The time went two quick, to a Thursday night where we had to display our work to the public and the Sydney Nolan trust committee. The venue was in a massive agricultural barn. I had five combination pieces and wild flowers. I was able to relate my experience as an installation, an expression with presence, movement and metaphor. Everyone’s work was really good and interesting, there was a nice overlap with word and display, collages and combination. I recognised the qualities of collages, visual jigsaw and concepts in collision, the mechanics of metaphor. There was an interest dynamic with this group with breaking for the frame, into 3D, objects carved and selection of found objects.

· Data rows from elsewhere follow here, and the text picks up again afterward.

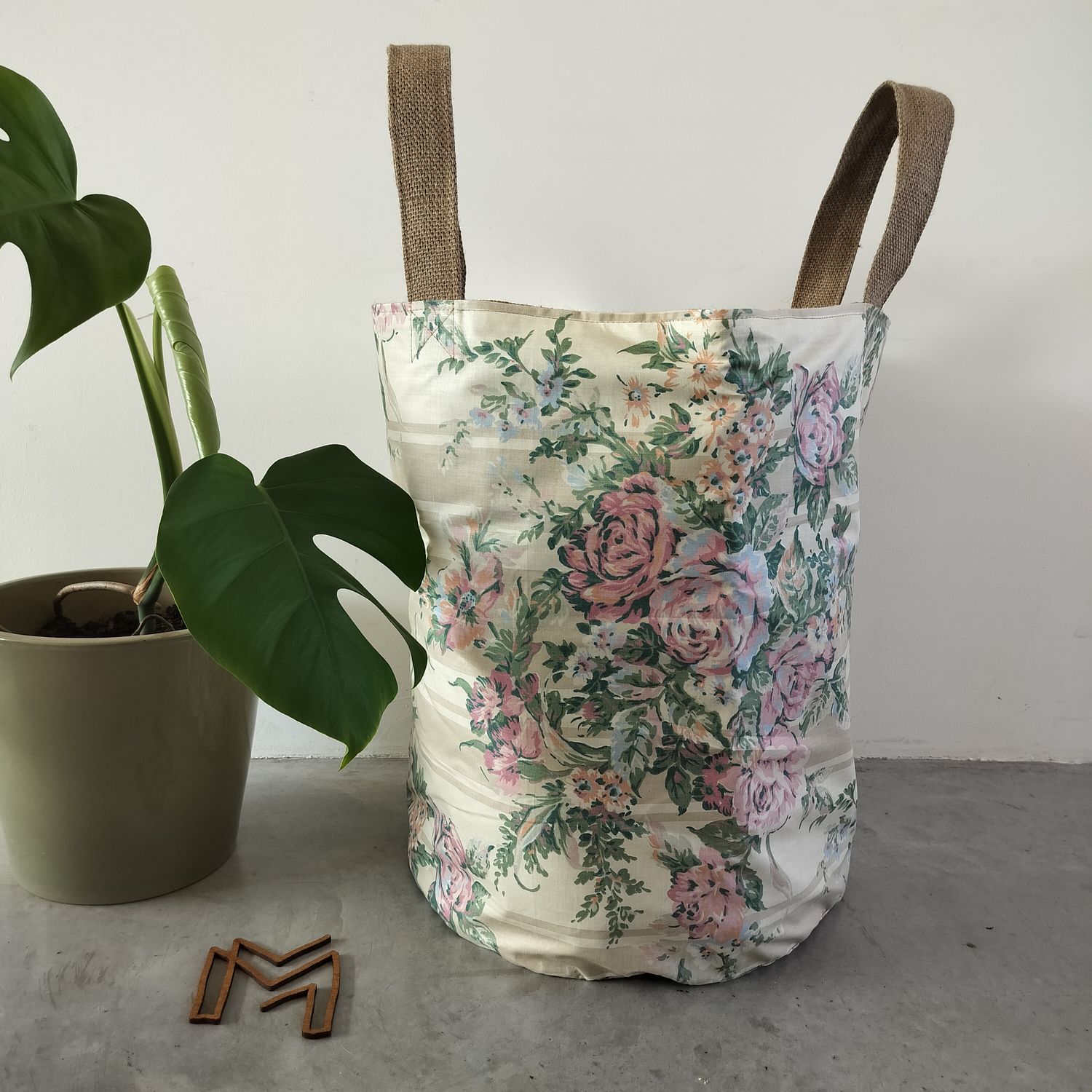 XL opbergmand uit recuptextiel - Daydream in the flowerfield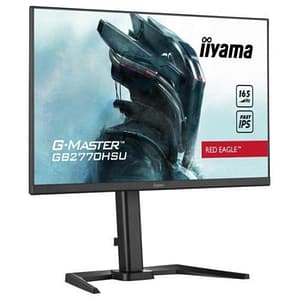 Iiiyama g-master red eagle gb2770hsu-b5 gaming 27 led full fast ips 16:9 250 cd/mq contrasto 1100:1 165hz freesync premium altoparlanti 1 x hdmi 1 x displayport nero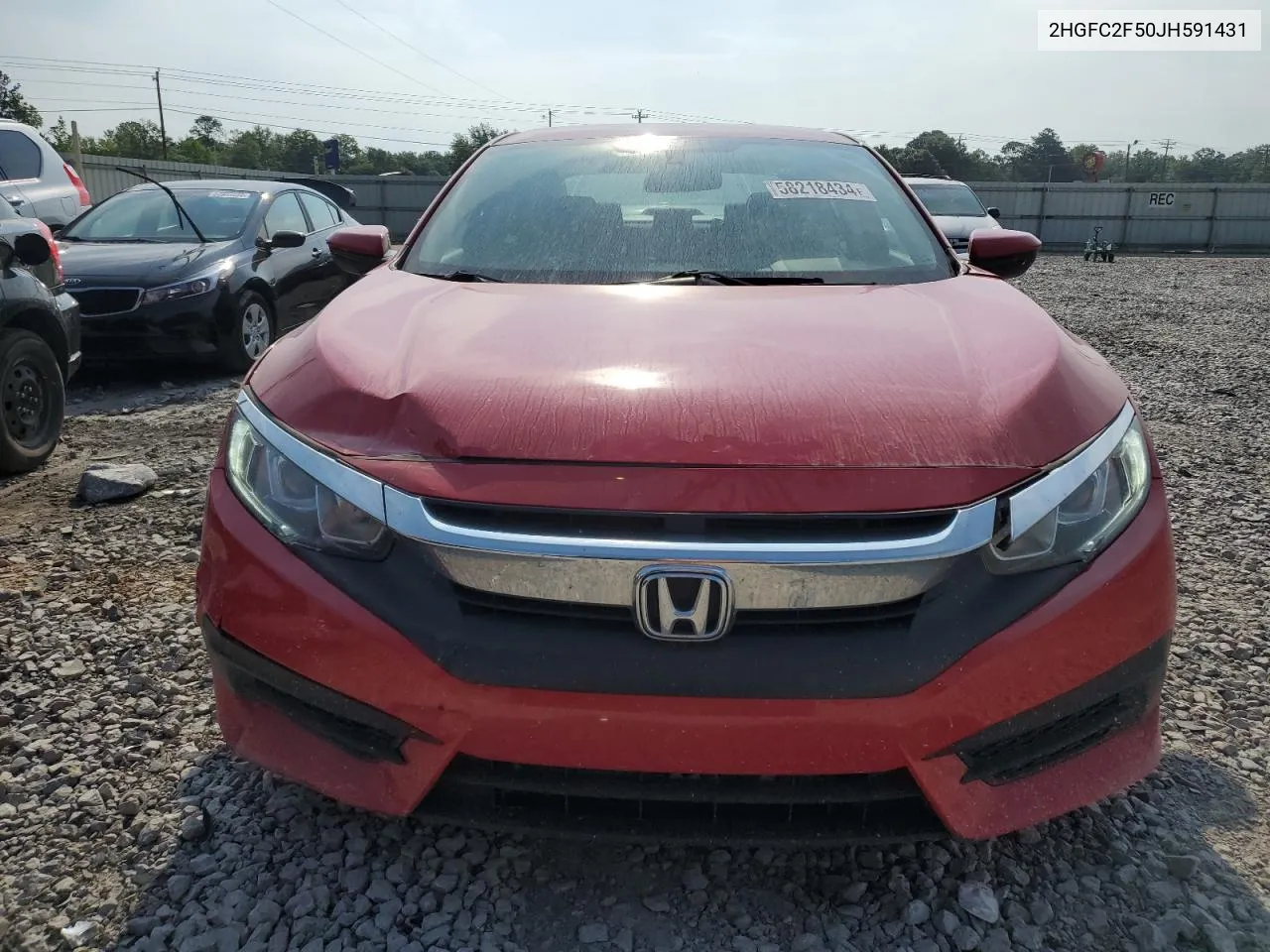 2018 Honda Civic Lx VIN: 2HGFC2F50JH591431 Lot: 58218434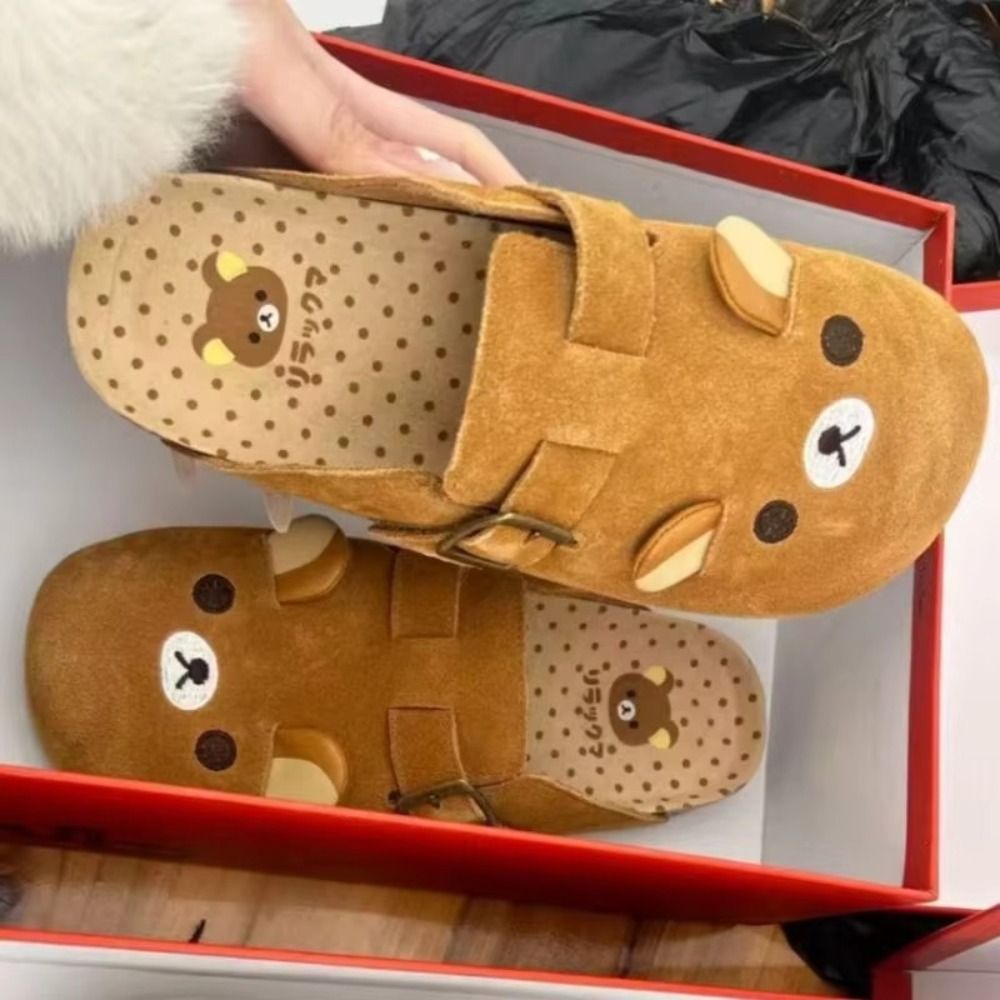 Новые женские тапочки Rilakkuma с толстой подошвой, мультяшные, увеличивающие рост, в стиле аниме, ретро, милые, с персонажами Rilakkuma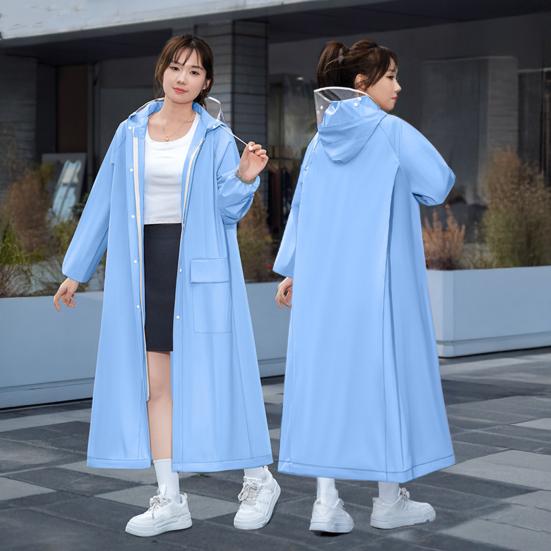 Yousheng Дождевик с капюшоном Водонепроницаемый ЕВА Застежка на пуговицах и молнии Многоразовый Взрослый Ультралегкий Ветрозащитный Плотный Портативный Для Путешествий На Открытом Воздухе Дождевая Куртка Пончо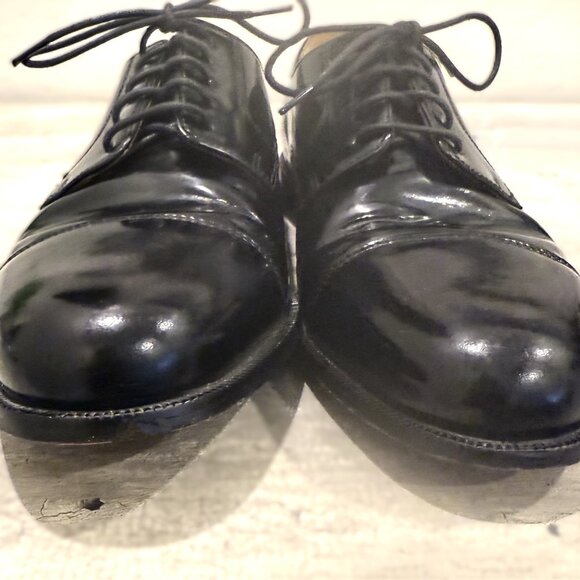 Cole Haan Caldwell Black Leather Oxford Cap Toe Lace Up 08330 Men's Size 10D - Picture 9 of 12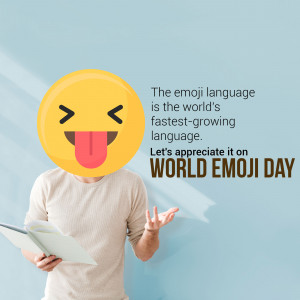 World Emoji Day Celebration Flyer For Facebook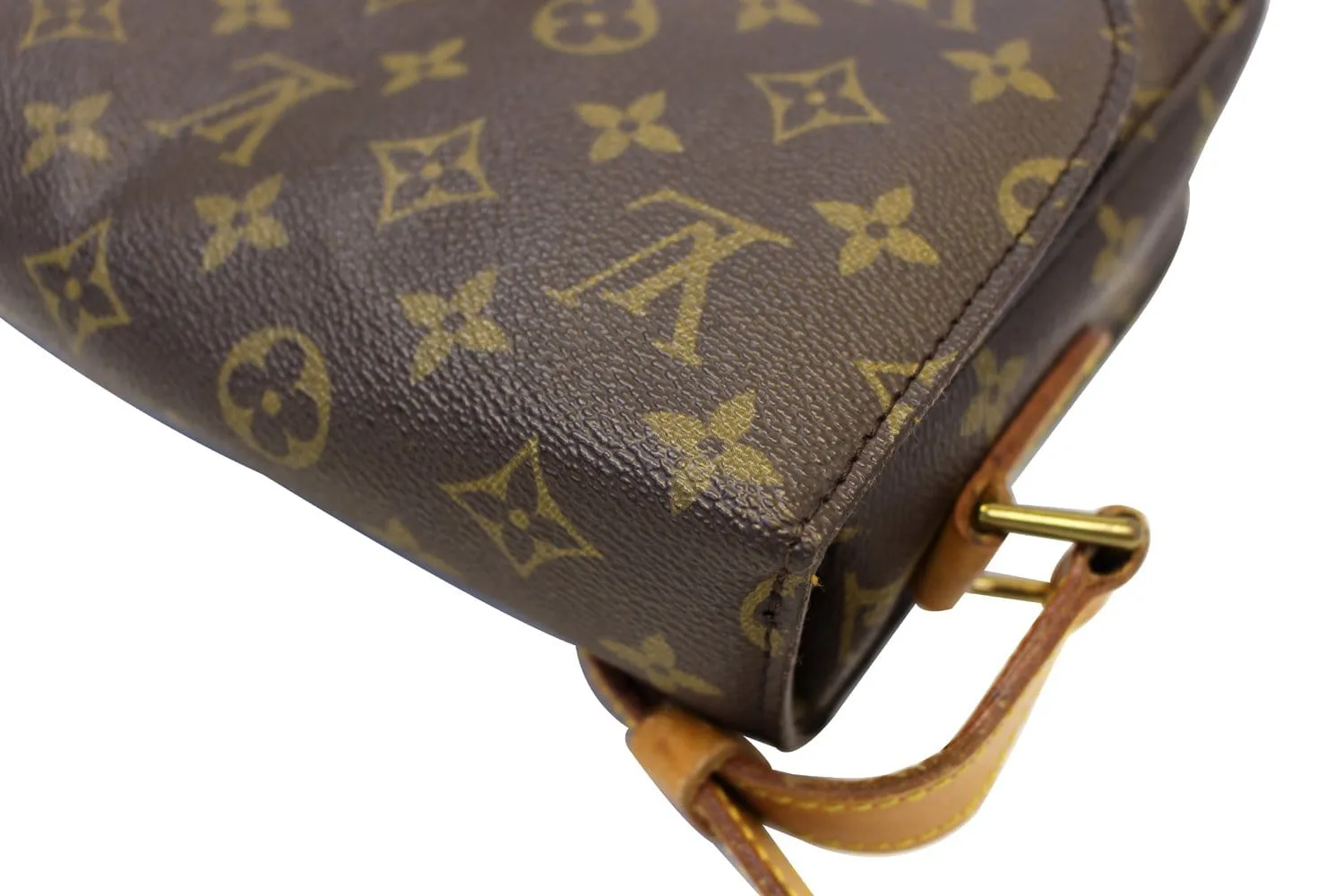 LOUIS VUITTON Monogram Canvas Saint Cloud GM Shoulder Bag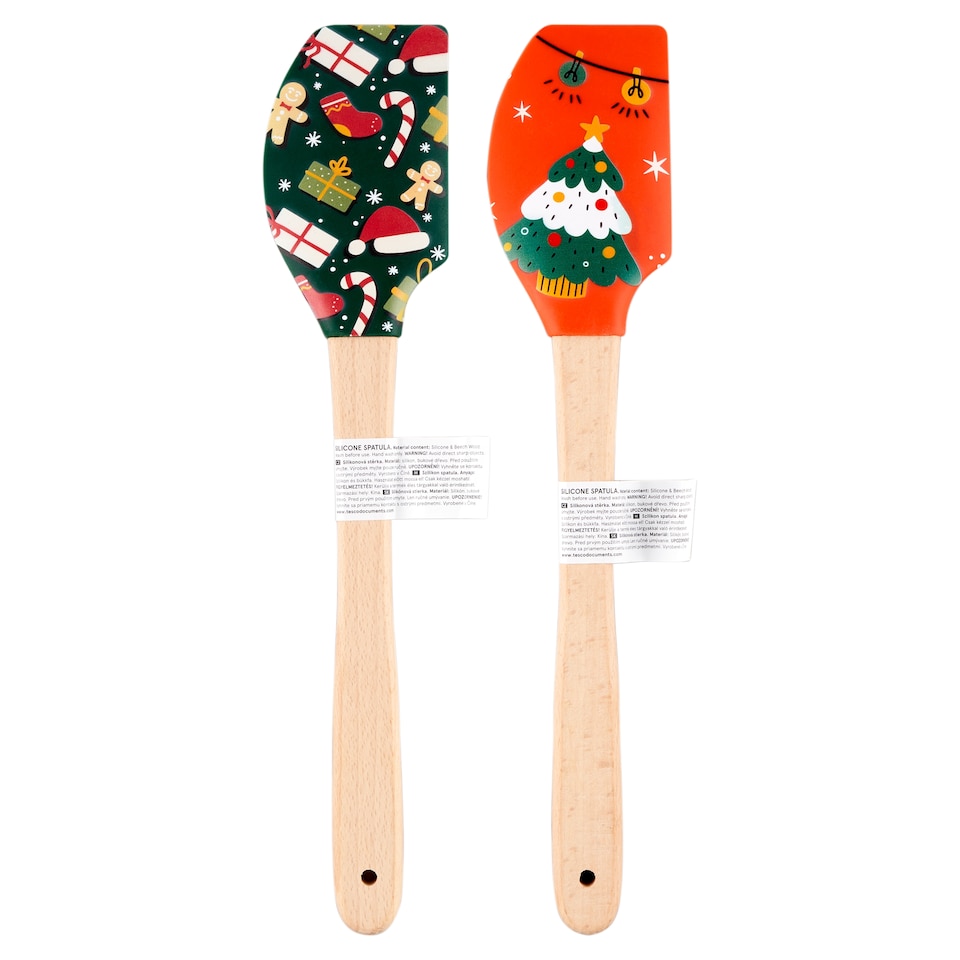 Tesco Christmas Silicon Baking Spatula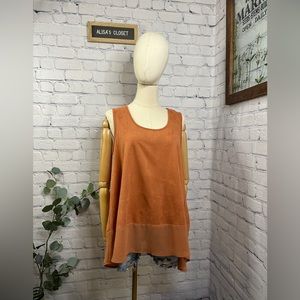 Tinley road Rust suede tank top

This experience benefited my practice, it presented the opportunity to respond to an artist, through the materials, he had left behind. An artist who worked from his imagination, who in his later work, perceived himself within the mask of Ned Kelly. This was a perfect opportunity to engage my practice within the platform of fine art, and to open conversation into haptic clay, as a medium of expression. I also found a peace here, in the woods, along the hedgerow, in the tent on the hard-forgiving earth. A breath of clean air, before I embark on the last pages of my Master in Ceramics. I am grateful to James Green and the MFA’s, what an assume adventure and to the wonderful and generous staff and trustees of the Sydney Nolan Trust.